A mansion in the Caribbean. Exotic cars and private jets. Your favorite band playing your birthday party. Those things will remain nothing more than a dream. For one person each in California, Florida and Tennessee, the bucket list items are going to get checked off at breakneck speed.
Many people self-proclaimed superior intelligence for not playing Powerball this week. Those people are idiots.
By now you have read or watched a dozen news reports comparing the odds of winning the Powerball to random, unlikely events. For example, according to Forbes, you are more likely to
- Date a millionaire (1 in 215)
- Write a best-selling novel (1 in 220)
- Win an Oscar (1 in 11,500)
- Win an Olympic gold medal (1 in 662,000)\
- Become President (1 in 10,000,000)
- Become a saint (1 in 20,000,000)
I’ll address those bullshit stats in a second. First, here’s all you need to know about Wednesday’s Powerball drawing: eight quarters to win a BILLION dollars. That’s it. No further context needed.

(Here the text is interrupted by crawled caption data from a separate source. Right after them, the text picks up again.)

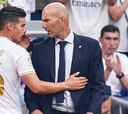 James en Madrid sería motivo de ruptura entre Zidane y Pérez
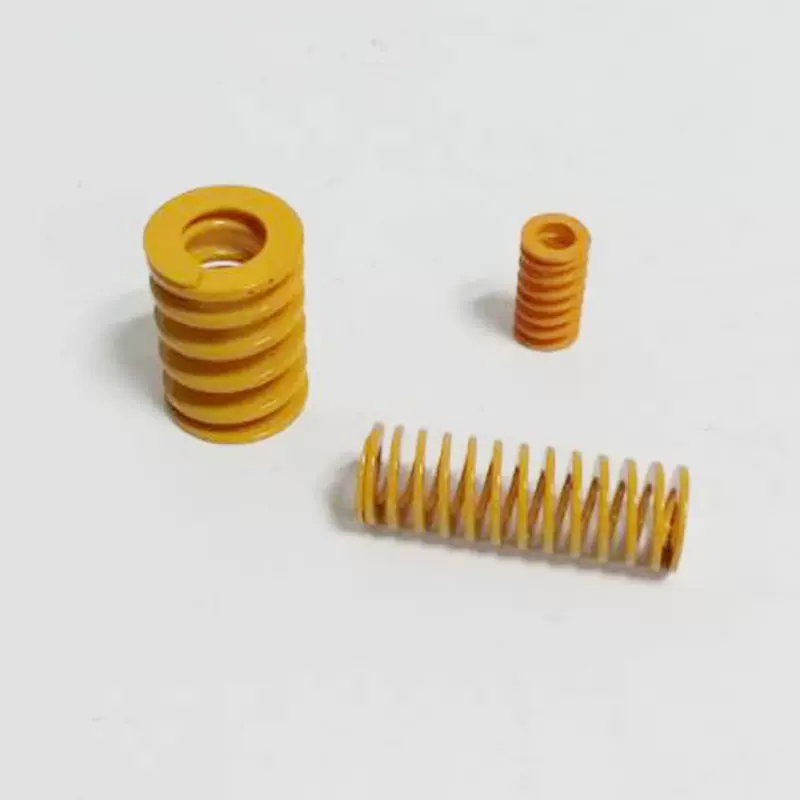 厂家源头直供合金钢模具弹簧 矩形弹簧 压缩弹簧 杂色弹簧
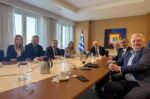 Γραμματέας Αποκεντρωμένης Στ. Ελλάδας-Θεσσαλίας: συνάντηση με τον Κ. Χατζηδάκη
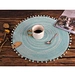 polyester placemats round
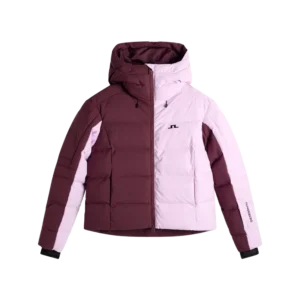 J lindeberg nerina blocked down jacket winetasting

There are a lot people who won’t play the lottery unless it reaches astronomical levels. I usually scoff at these people, because the difference between $40 million and $200 million is the size of your yacht and the quality of the cocaine you’ll be snorting off of the asses of aspiring supermodels on said yacht (or actual supermodels if the jackpot is high enough). Four dollars a week for that kind of money is reasonable (I’ll address the odds shortly).
But if we’re going to argue odds versus total jackpot, then no one had an excuse to sit out during the $1.5 billion prize. A poker player will tell you why: pot odds.
“Pot odds” in poker is the size of the pot versus the cost to call while also factoring the odds of winning the hand. For example, if a pot is at $100 and it’s $20 to call, the bet ratio is 100:20, or 5:1. If after assessing your hand, the odds of picking up your winning card are greater than 5:1, you call. Essentially, the minimal cost of a relatively large pot offsets the odds of losing. You probably won’t pick up that ace, but every professional poker play will chase it if all they have to pay is $10 for a $1,000 pot.
The odds of winning Powerball is 1 in 292,201,33. Since Powerball is $2, we can change that to roughly 2 in 600,000,000. Playing pot odds, the lottery is not worth playing unless it’s over $600 million. Your odds of “picking up that ace” will offset the “cost to call”/”total pot” ratio if it’s anything less. This is a good reason to never play Powerball, since it never reaches that high. But it did, and $2 to win $1.5 billion with 1:300 million odds are actually really good.
If you don’t think Wednesday’s pot was the exception, I’m never taking you to the casino.
Back to those wacky odds mentioned by Forbes.
In order to win Powerball, you choose numbers, pay $2 and pray to your spiritual overlord that he or she is stronger than other people’s overlord. There are no other qualifications or uncontrollable external forces to squash that dream. Becoming president, dating a millionaire or winning an Oscar all require a variety of factors to fall into place in addition to luck.
For example, the odds of an extremely attractive woman marrying a millionaire are exponentially greater than mine. Any blue blood American is far more likely to become president than anyone born into poverty. Winning an Oscar would require supreme acting skills, getting discovered, landing the right gig, etc. Winning the lottery? Two dollars.
Rich, poor, black, white, attractive, ugly, willingness to blow someone for advantage, prude. Doesn’t matter. Everyone pays $2, and that’s it.
We are not all born equal. Some people have the correct brain chemistry and environment that makes them susceptible to success. Others don’t. Some of us have the ability to be doctors, lawyers, etc. Some of us are limited to what we can achieve. For many, the odds of achieving financial security and a comfortable lifestyle ourselves is equal to or less than winning the lottery, real or perceived.
A little science backs up that claim.
A study titled “Gambling on the lottery: sociodemographic correlates across the lifespan” reveals that the number of people playing the lottery dramatically spikes in the mid-20s age range and consistently increases throughout 30s age range. Specifically, 70 percent of those ages 22-29 and 71 percent ages 30-39 play the lottery. This is the prime age to discover that you’re not going to be a rock star or Wall Street executive. This is the age range when many of us realize that financial security seems out of reach.
Occurrences of playing the lottery taper off once people reach their 50s. Ages 40-49 dips to 69 percent and steadily declines from there. I assume this is because either a) people actually reach financial security and don’t need the Powerball pipedream OR b) we’ve given up on life and said “fuck it.”
Bottom line: The odds of winning the lottery relative to other big events are better than you think. Chasing a pipedream for $4 a week is justifiable for many jaded individuals. Once that jackpot hits $600 million or more, not even your odds argument is valid.
You’re an idiot if you didn’t buy a ticket on Wednesday.